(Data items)
= Beginning of Section =

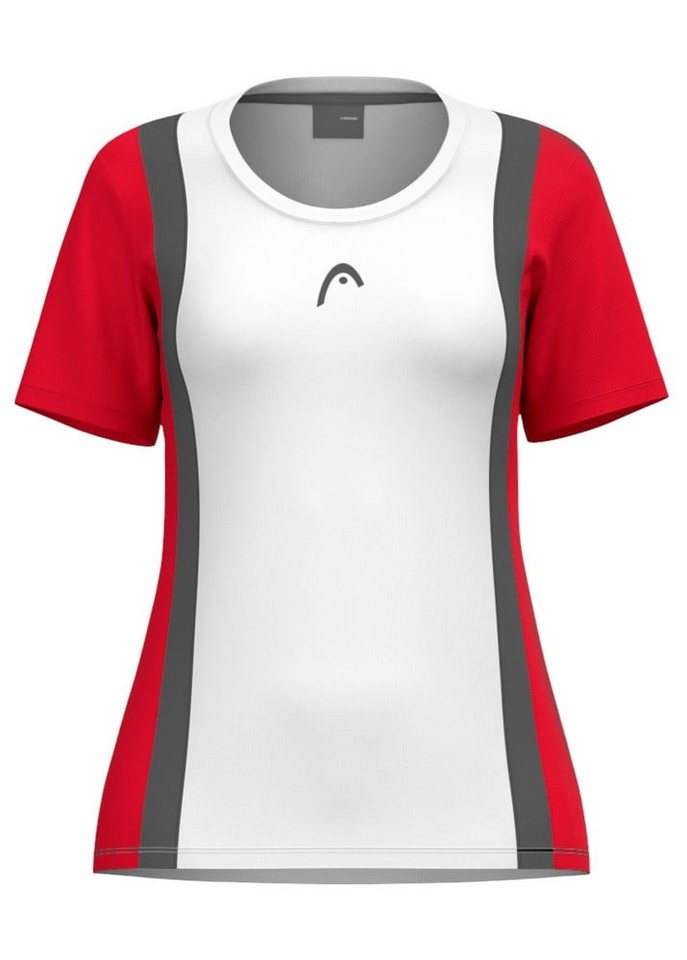 Head Tennisshirt Club 25 Tech (100% Polyester, schnelltrocknend) weiss/rot Damen von Head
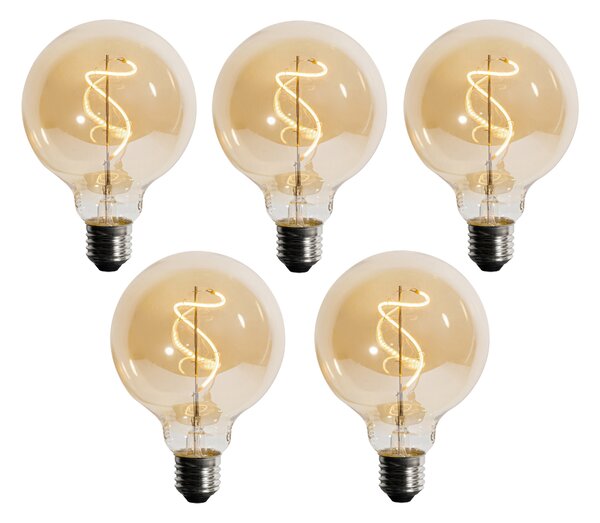 Set 5 becuri Bec LED cu filament spiralat E27 reglabil G95 4W 270lm 2200K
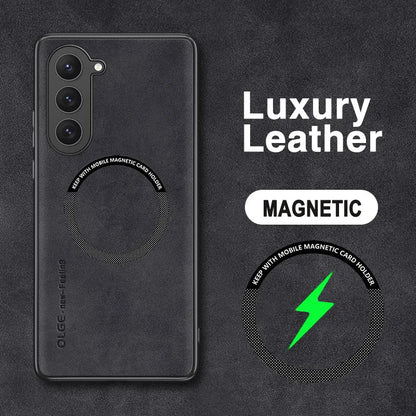 Galaxy S23 / S23 Plus/ S23 Ultra - MagSafe Lederoptik Schutz Hülle, Kabellose Ladung, Soft - Top Hüllen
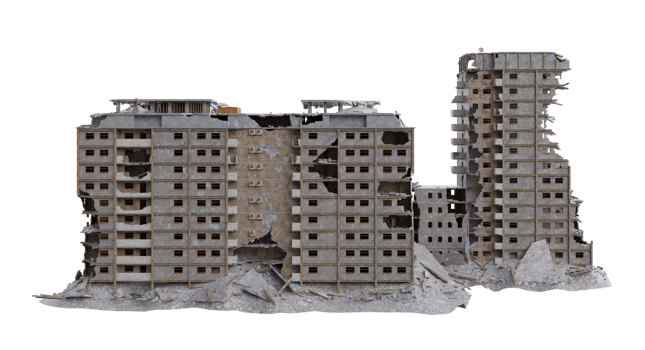 Large size building damaged after war. 3d render isolated png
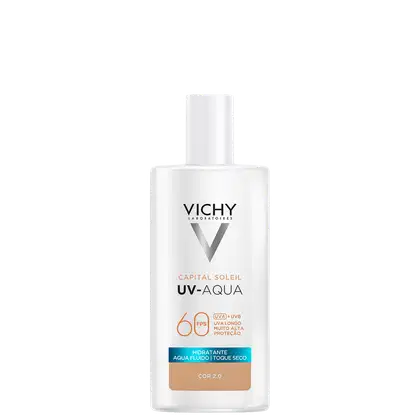 Frasco branco da linha Capital Soleil UV-Aqua da Vichy, com proteção solar FPS 60 e indicação de hidratação e toque seco. Rótulo com informações sobre a formulação e a cor 2.0.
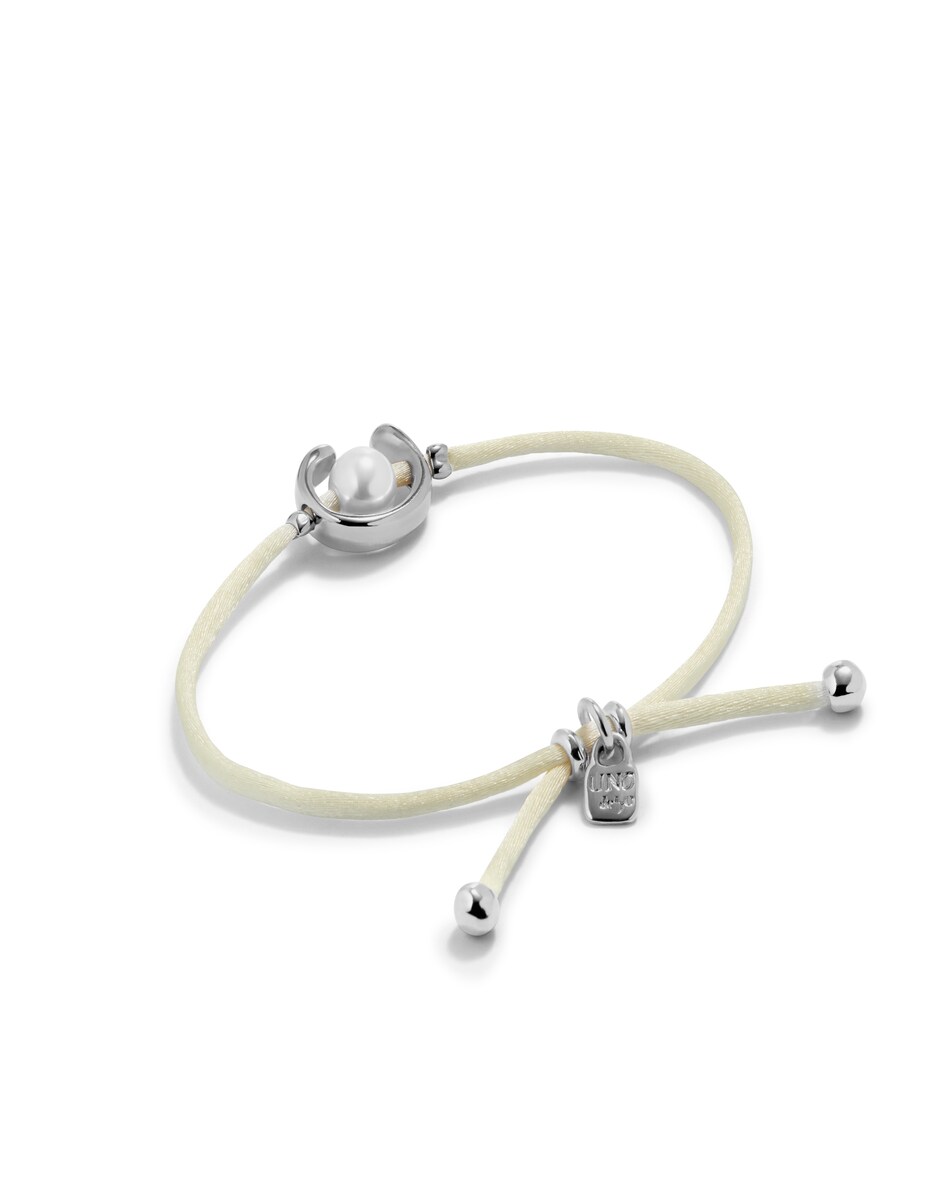 Pulseira de Fio em Creme com Pérola Shell e Fornitura Banhada em Prata de Lei Prata-2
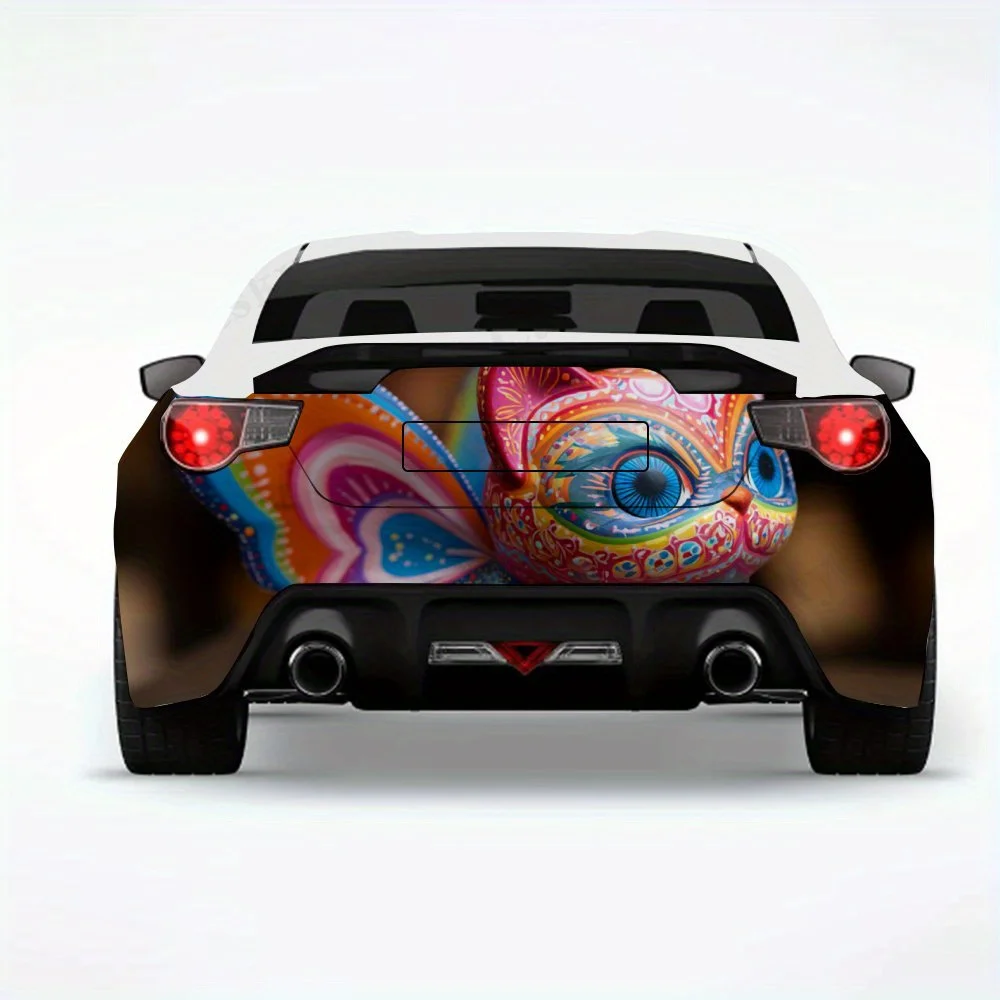 

Радужное крылатое котенка с сердечками - виниловая наклейка на заднюю часть автомобиля, водонепроницаемые самоклеящиеся виниловые наклейки для хвоста и бампера автомобиля,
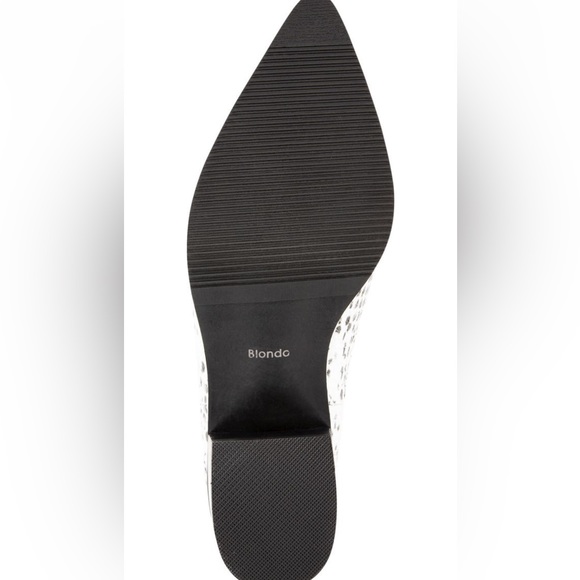 NIB Blondo Emelia Waterproof Chelsea leather Bootie BLACK/WHITE SNAKE new in box - Picture 8 of 10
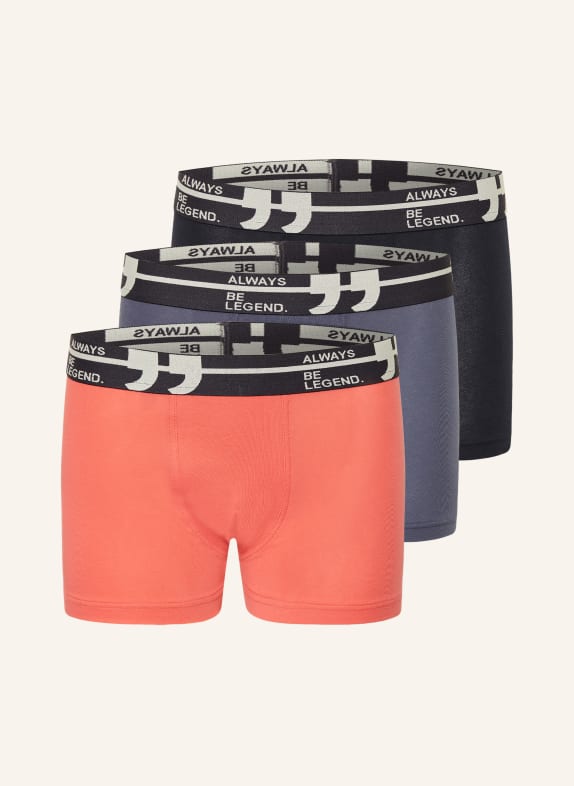 Sanetta 3er-Pack Boxershorts LACHS / BLAUGRAU / DUNKELBLAU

= End of Section =

Required action:
I would like the exact lines from the data above, starting with the one that holds "Set 5 becuri" and going on through the one that holds "Pulseira de Fio", without the pictures.

Result below:
 Set 5 becuri Bec LED cu filament spiralat E27 reglabil G95 4W 270lm 2200K
 Galaxy S23 / S23 Plus/ S23 Ultra - MagSafe Lederoptik Schutz Hülle, Kabellose Ladung, Soft - Top Hüllen
 Large size building damaged after war. 3d render isolated png
 Frasco branco da linha Capital Soleil UV-Aqua da Vichy, com proteção solar FPS 60 e indicação de hidratação e toque seco. Rótulo com informações sobre a formulação e a cor 2.0.
 Pulseira de Fio em Creme com Pérola Shell e Fornitura Banhada em Prata de Lei Prata-2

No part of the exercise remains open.